Grandes criminalistas, profissionais que somam décadas de experiências, são unânimes ao descreverem o papel que o advogado criminalista representa não para o seu cliente, mas, sim, para a sociedade. Atacar ilegalidades e arbitrariedades é o consenso dos colegas e lhes dou razão, sem dúvida. Todavia, ouso acrescentar algo à resposta dos colegas.
Nos primeiros parágrafos escrevi a respeito da necessidade de haver um propósito que transcenda à atividade laboral, e é a respeito deste ponto que acrescento à resposta dos colegas. Enxergo na atividade do criminalista a função primacial de defender o indivíduo contra o poder estarrecedor do Estado no que concerne a acusar, processar e condenar seus governados. Explico.
O Estado possui condições infinitamente superiores às de um acusado para instruir um processo, afinal, o dinheiro do Estado praticamente não tem fim – e que sai do bolso daqueles que são processados – e ele ainda possui como empregados profissionais de todas as áreas necessárias para se provar um ponto de vista. –Sim, um ponto de vista. Quando o Estado, por meio do Ministério Público, oferece denúncia contra alguém, é por ter um ponto de vista e este pode estar equivocado, afinal, se assim não o fosse, sentenças absolutórias não existiriam. – Ainda que diante da desproporcional fonte de financiamento para desenvolver o trabalho, cabe ao criminalista fazer o possível para que os direitos e garantias de um indivíduo não sejam jamais violados, protegendo o ser humano sob o seu patrocínio de ser esmagado pelo Estado.
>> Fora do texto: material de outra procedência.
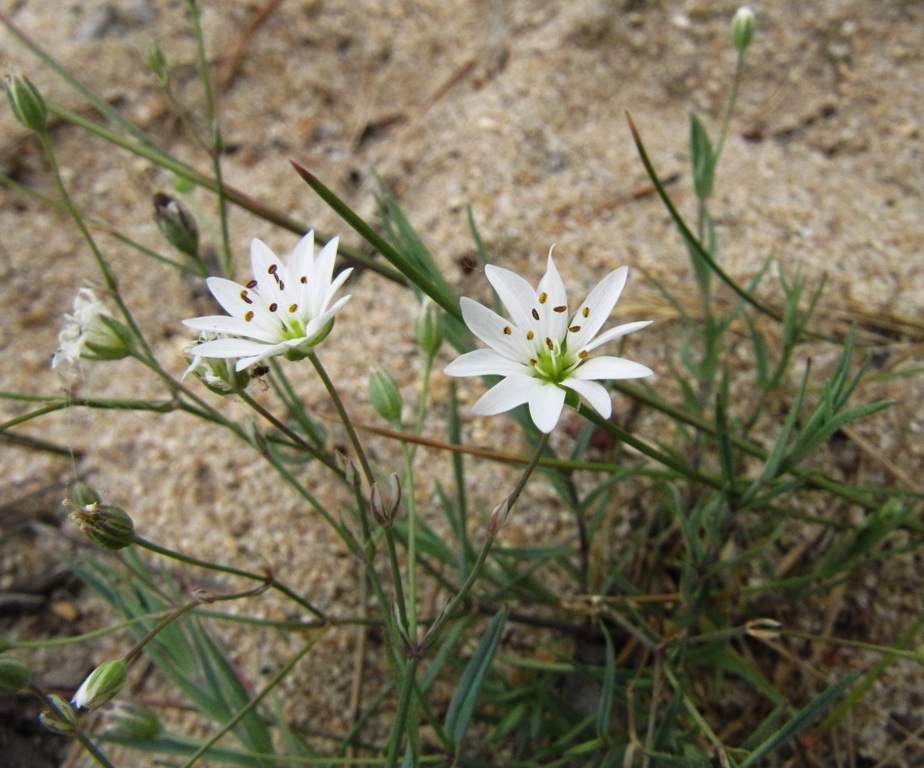 Image of Stellaria dahurica specimen.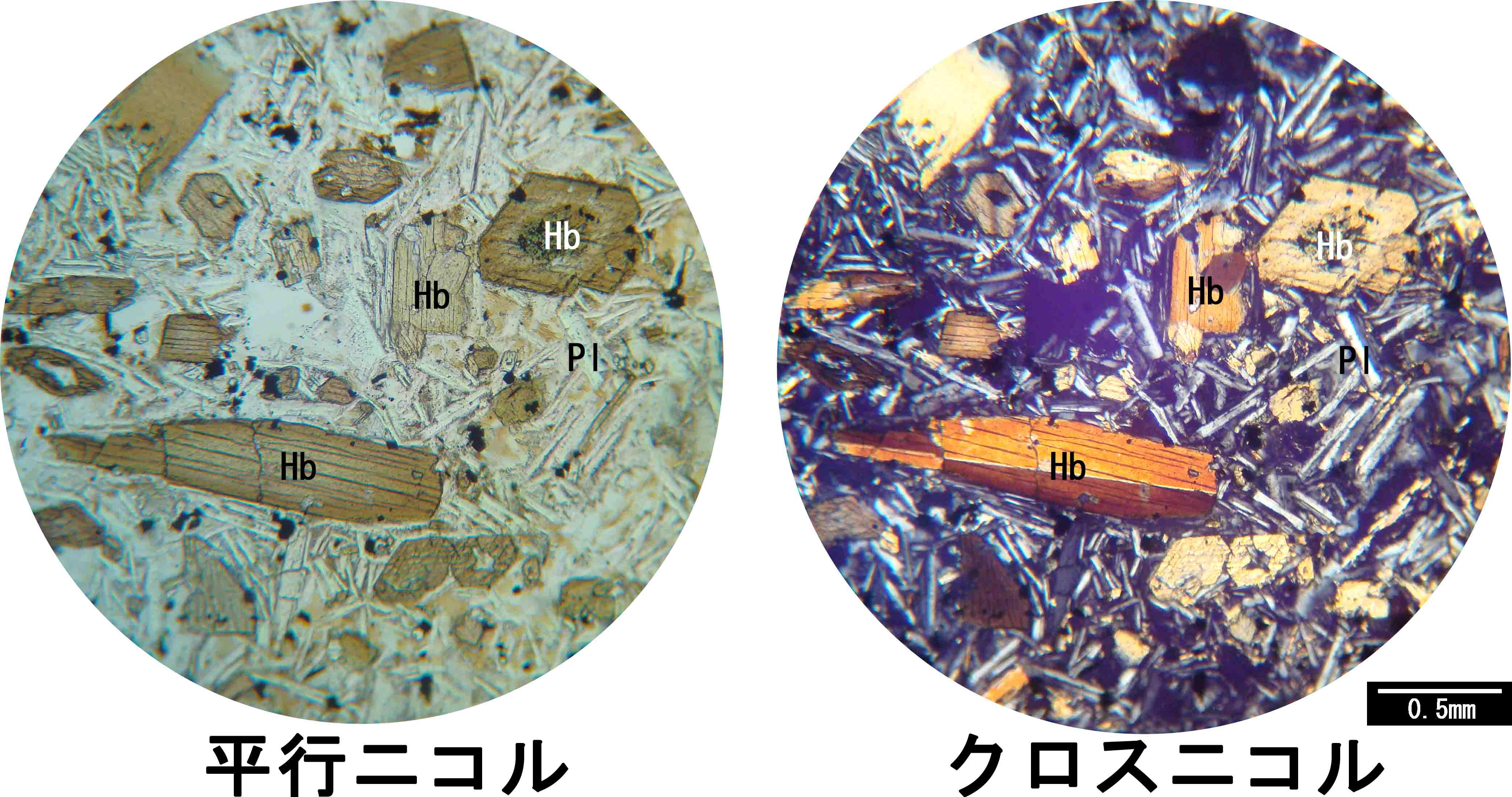 普通角閃石 hornblende 普通角閃石 hornblende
É necessário que todo advogado criminalista tenha em mente que, ao defender um cliente, por mais pobre, sem escolaridade, sem cultura, sem influência, enfim, por mais que seja um cliente que não lhe trará os holofotes da imprensa e/ou a ascensão da carreira, o advogado está a defender toda a sociedade. Sim. Quando não permitimos, por meio de nosso trabalho, que um único indivíduo, por mais socialmente insignificante que seja, sofra injustiça por parte do Estado, passamos à sociedade a mensagem de que ninguém sofrerá injustiças. Afinal, quando o réu descrito nas linhas acima é condenado de maneira injusta, é aberto um precedente para que qualquer um também seja.
Proteger os indivíduos contra o poder do Estado é o que transcende ao nosso trabalho, é a missão mais importante do advogado criminalista e tudo mais lhe é secundário. Esta é uma luta diária, penosa, incessante e que seus efeitos se estendem à eternidade. Cada advogado criminalista deve ter em mente a função de seu trabalho, deve lembrar que somos os primeiros defensores dos indivíduos contra as tiranias e não devemos nos acovardar diante de tão nobre missão. Se o temor o domina perante as ímpias falanges da injustiça, advogado, a clava forte da justiça tu deves erguer, pois, dela munido, não há déspota que o vença.